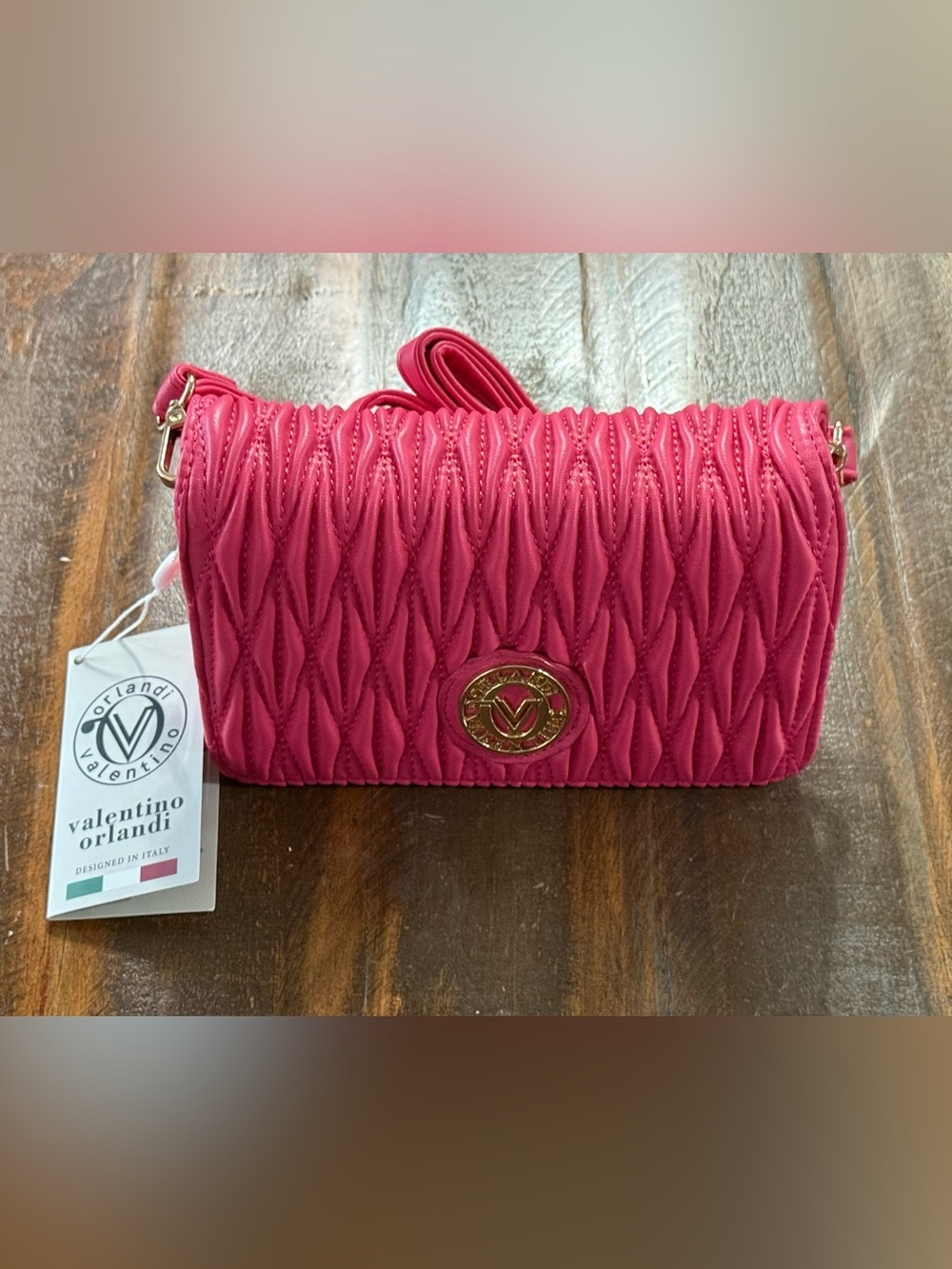 Valentino Orlandi Pink Quilted Crossbody Bag NWT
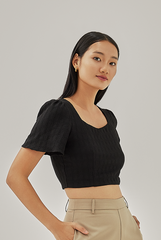 Melanie Textured Crop Top in Black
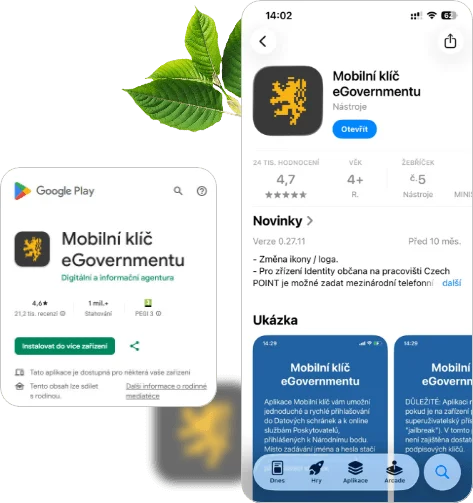 Stažení aplikace Mobilní klíč eGovernmentu pro Android a iOS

::::::::::

=== WHAT IS NEEDED ===
Give back the full data exactly as it reads, but drop the pictures.

=== RESPONSE BELOW ===
 Valentino Orlandi Pink Quilted Crossbody Bag NWT
 Melanie Textured Crop Top in Black
 Stažení aplikace Mobilní klíč eGovernmentu pro Android a iOS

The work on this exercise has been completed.